Quando l’ex presidente cinese Jiang Zemin venne proiettato inaspettatamente da Shanghai ai vertici del potere, non conosceva gli oscuri meccanismi di Pechino e ne era naturalmente spaventato. Per un paio di anni cercò di destreggiarsi alla meno peggio fin quando trovò aiuto improvviso in Zeng Qinghong.
Figlio dell’aristocrazia rossa ma anche con un’esperienza da scugnizzo (i suoi lo abbandonarono per alcuni anni alla strada nella fuga da nazionalisti e giapponesi), addentro alle macchinazioni dei corridoi di Zhongnanhai, la Casa Bianca cinese, Zeng per anni fu il risolutore dei problemi impossibili. Molti ritengono che la resistenza al potere di Jiang si deve forse per metà all’abilità manovriera di Zeng.
Il premier Matteo Renzi forse ha oggi trovato il suo Zeng Qinghong. In pochi giorni, senza complicate manovre parlamentari o di partito, senza apocalittiche contrapposizioni di schieramenti, Renzi ha risolto due problemi che lo assillavano e che parevano impossibili. Ha “domato” l’opposizione di Rai3, apparendo poi anche “buono”, conciliante, tollerante; e ha eliminato l’imbarazzo ormai quotidiano causato dal sindaco di Roma Ignazio Marino, che di fatto si è dimesso (“non ci ripenso”, ha annunciato).
Dietro entrambi i successi c’è un deputato finora oscuro ma con lunga esperienza romana, Michele Anzaldi.
Anzaldi nelle settimane scorse ha espresso quello che nessuno tra i renziani osava dire: che appunto la terza rete Rai era paradossalmente (visto che le strette norme della divisione del potere tv la assegnano al Pd) il bastione dell’opposizione al Pd. Ciò ha seminato il panico, ma ha anche steso un tappeto rosso per il premier che si è così presentato da paciere.

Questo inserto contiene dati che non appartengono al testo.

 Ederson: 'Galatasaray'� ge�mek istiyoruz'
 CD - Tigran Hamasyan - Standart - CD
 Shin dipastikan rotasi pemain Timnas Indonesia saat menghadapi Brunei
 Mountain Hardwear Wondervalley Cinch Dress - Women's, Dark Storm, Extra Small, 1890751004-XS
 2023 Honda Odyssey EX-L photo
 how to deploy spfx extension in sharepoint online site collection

Su Marino, precipitato in un circolo vizioso di gaffes, piccole bugie, assenze, Anzaldi era stato il primo a dare l’allarme, ed è stato anche quello che tagliando le mille obiezioni interne ha dato il colpo finale. Ciò in realtà elimina un problema che se si fosse trascinato ancora più a lungo avrebbe potuto rovinare l’anno santo (che inizia l’8 dicembre) e affossare Renzi.

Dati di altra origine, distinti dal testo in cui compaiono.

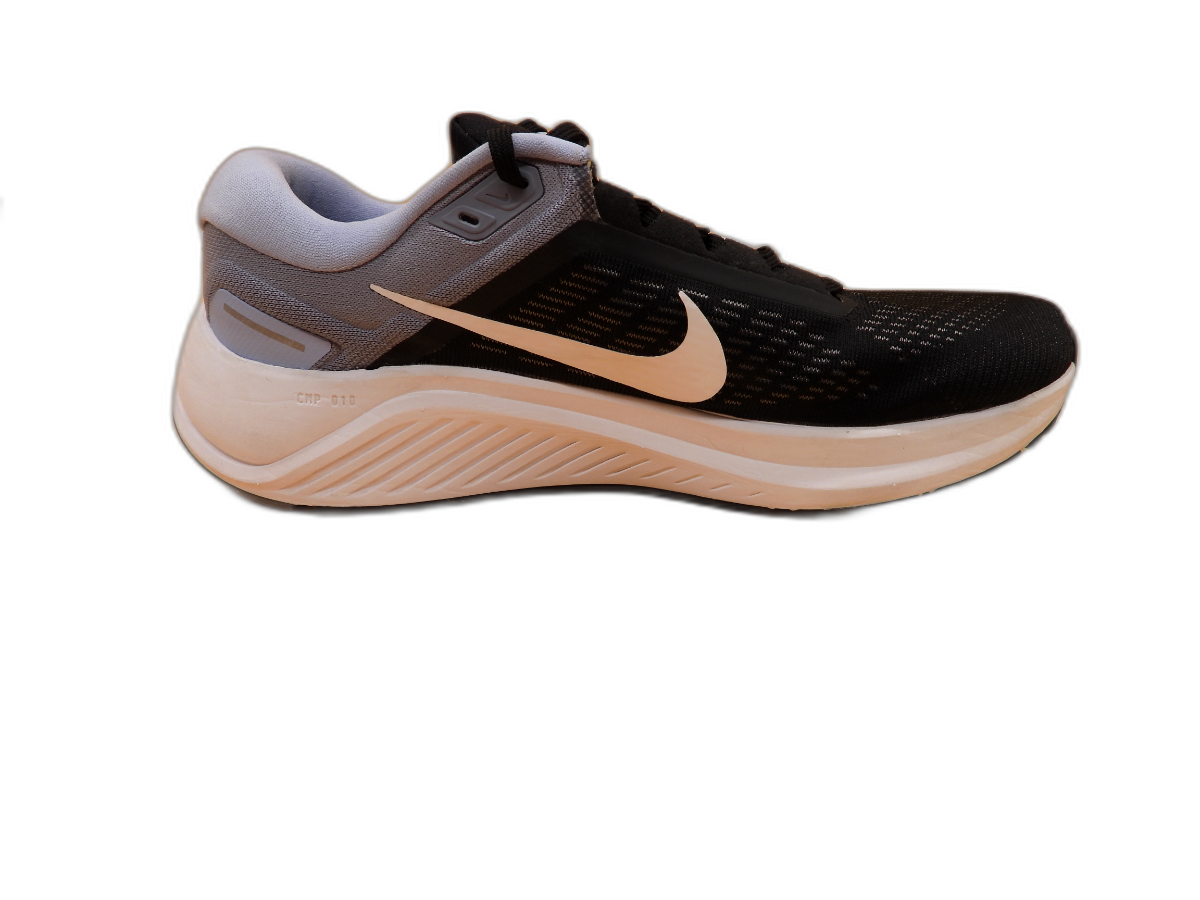 Nike Zoom Structure 24 Men's Black Running Shoes Us 10.5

Questa presenza però prova anche due cose. Da un lato intorno al premier non ci sono persone in grado di manovrare nel palazzo senza andare allo scontro duro e puro a colpi di maggioranza parlamentare o di partito. Troppo faticoso per risultati che vanno a diminuire ed è un rischio di logoramento immenso per il premier. Gli ignavi “yes men” del premier gli sono quindi più di danno che di aiuto.

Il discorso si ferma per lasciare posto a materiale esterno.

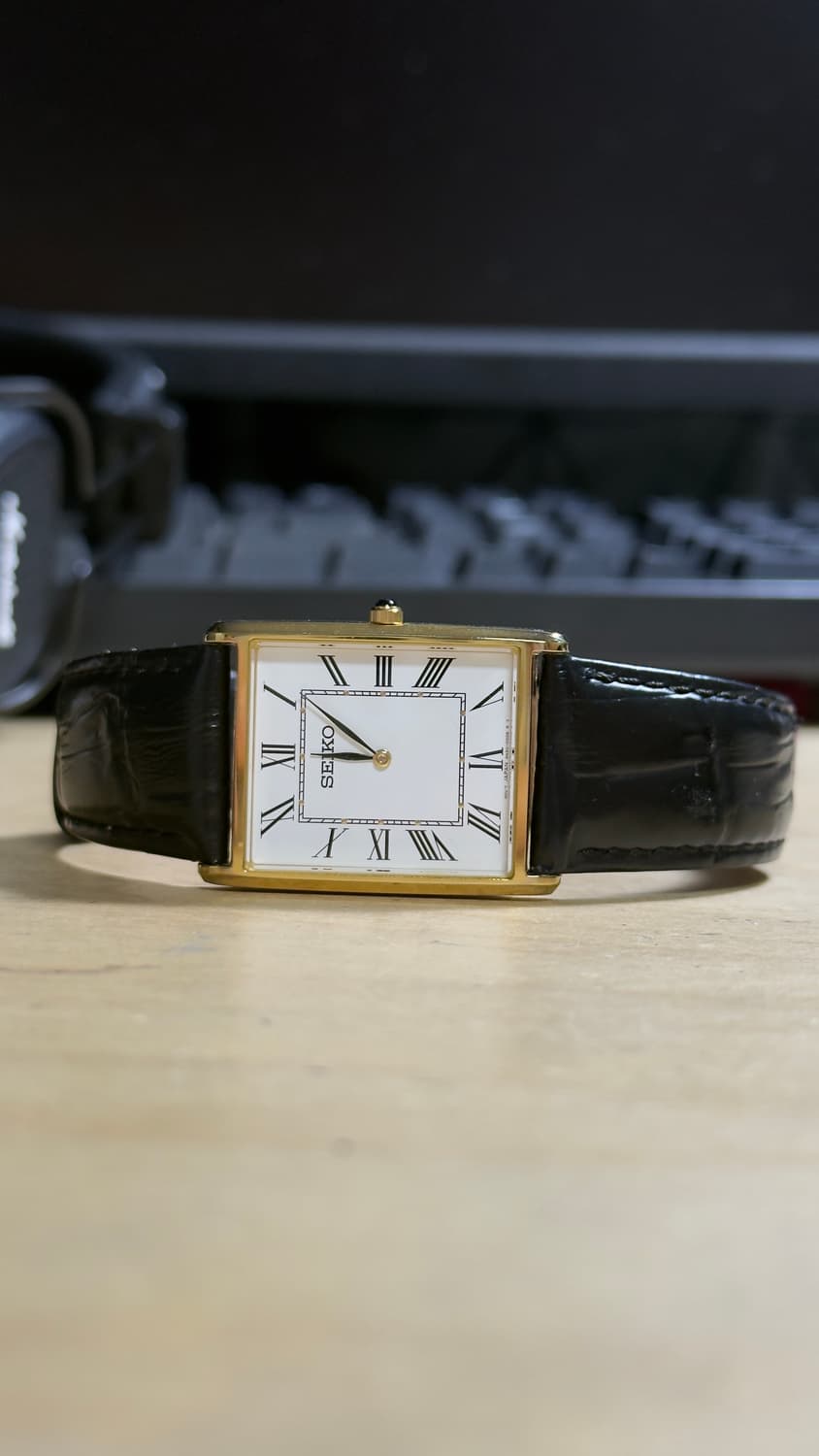 세이코 swr 금장 상품이미지2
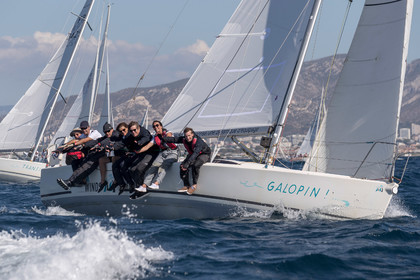 17 09 2021, Marseille (FRA,13), Juris Cup 2021, jour 1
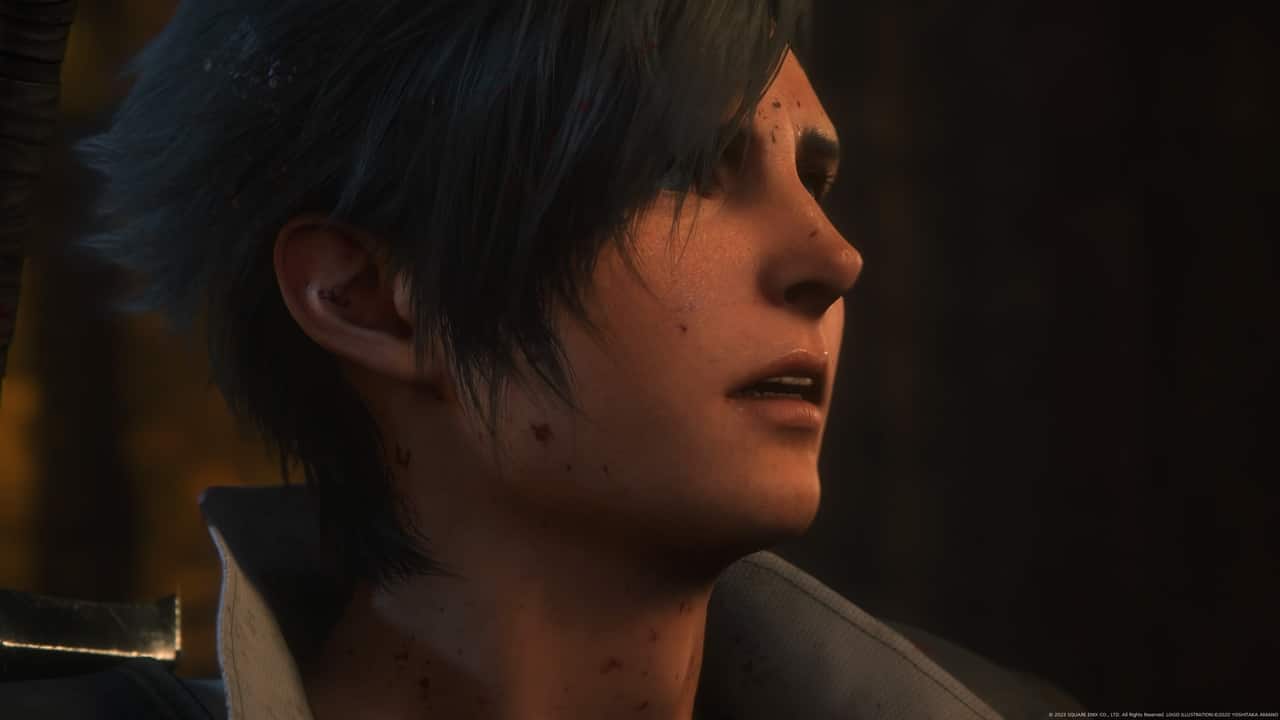 Можно ли изменить внешность персонажа в Final Fantasy 16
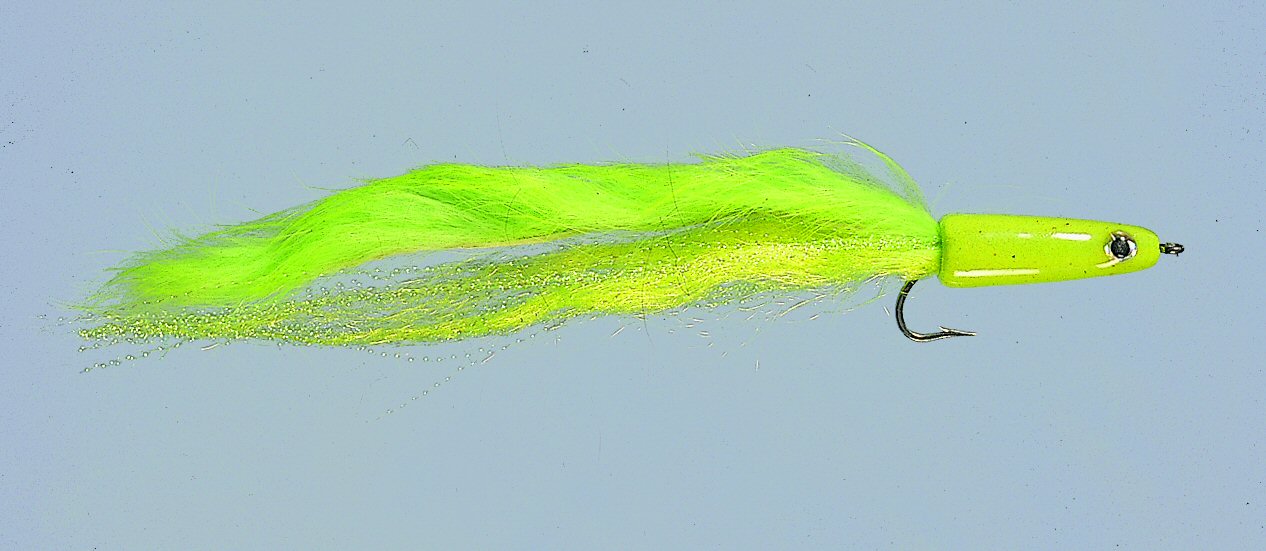Barracuda Slider Chartreuse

D’altro canto dimostra che l’Italia e il mondo hanno metodi più sottili e innocui per portare a casa risultati maggiori, basta conoscerli e saperli usare. Questi però non si imparano in un istante e soprattutto, se Renzi è bravo, non lo sono i suoi vicinissimi.
Il problema per il premier è: basterà un solo Anzaldi a rendergli più facile la vita? Né può fidarsi dei Verdini o degli altri transfughi solo affamati di potere e contorni. Senza uomini come Anzaldi la sola aperta furia devastatrice di Renzi in parlamento potrebbe condannarlo.